Dissertation

Our Ice Age

The Geohistorical Imagination in the Northern Hemisphere

Our Ice Age” addresses the contemporary significance of Earth’s history by focusing on representations of the last ice age, a relatively recent geological moment that began 2.5 million years ago and ended at the close of the Pleistocene epoch. Relying on methods developed within environmental and historicist literary criticism, this dissertation follows the ice age imaginary across Europe, North America, and Siberia from its origins in the nineteenth century to the present. Throughout these different historical and cultural circumstances, the ice age has served, and continues to serve, as a privileged locus for writers and scientists to wrestle with the historicity of the nonhuman world and our relationship to it. Through an engagement with the ice age’s various narrative emplotments, this dissertation shows how the deep past remains relevant, not merely in the sense that geological forces—like orbital cycles and expanding ice sheets—persist, but also because stories about the Earth’s history continue to inform the science and politics of anthropogenic global warming today. 

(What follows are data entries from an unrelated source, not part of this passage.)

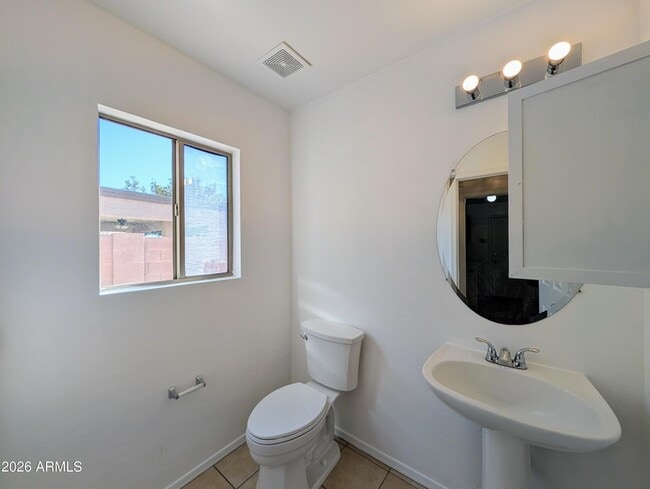 Building Photo - 6416 N 78th Ln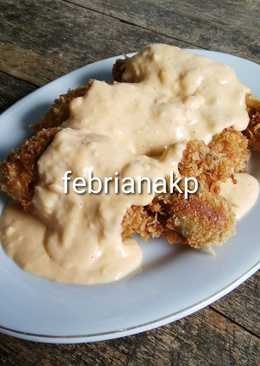 Ayam goreng dengan saus telur asin (salted egg)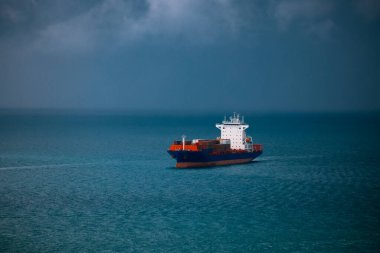 konteynır taşıyıcı konteynır deniz, küresel iş ve endüstri taşımacılığı kargo lojistik ihracat hizmetleri ithalat hizmetleri yağmur fırtınası ve hava manzarası ortasında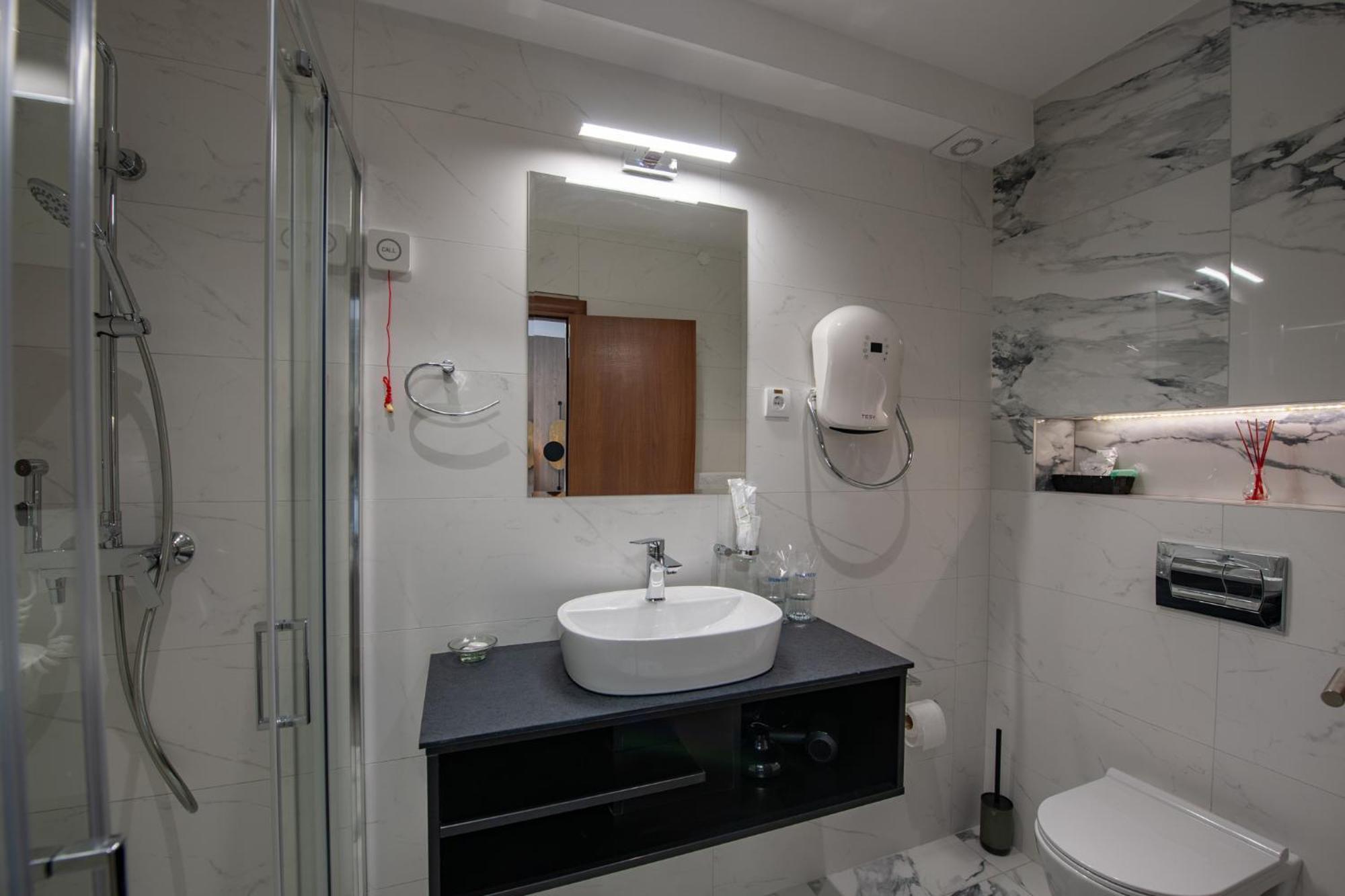 Hotel Kralj Kraljevo Phòng bức ảnh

This research contributes to the environmental humanities by taking seriously the idea that climate change and the Anthropocene require us to think historically in radically expanded ways. Where most recent studies of climate change, literature, and culture focus exclusively on the relatively recent past—looking back to the great acceleration in the middle of the twentieth century or the industrial revolution—“Our Ice Age” resists this essentially human-centered bias by digging into the planet’s deeper history. Analyzing both scientific and literary objects within this new interpretive horizon, this research fosters a significantly expanded purview of literary analysis and points toward the relevance of deep history for a more sustainable future.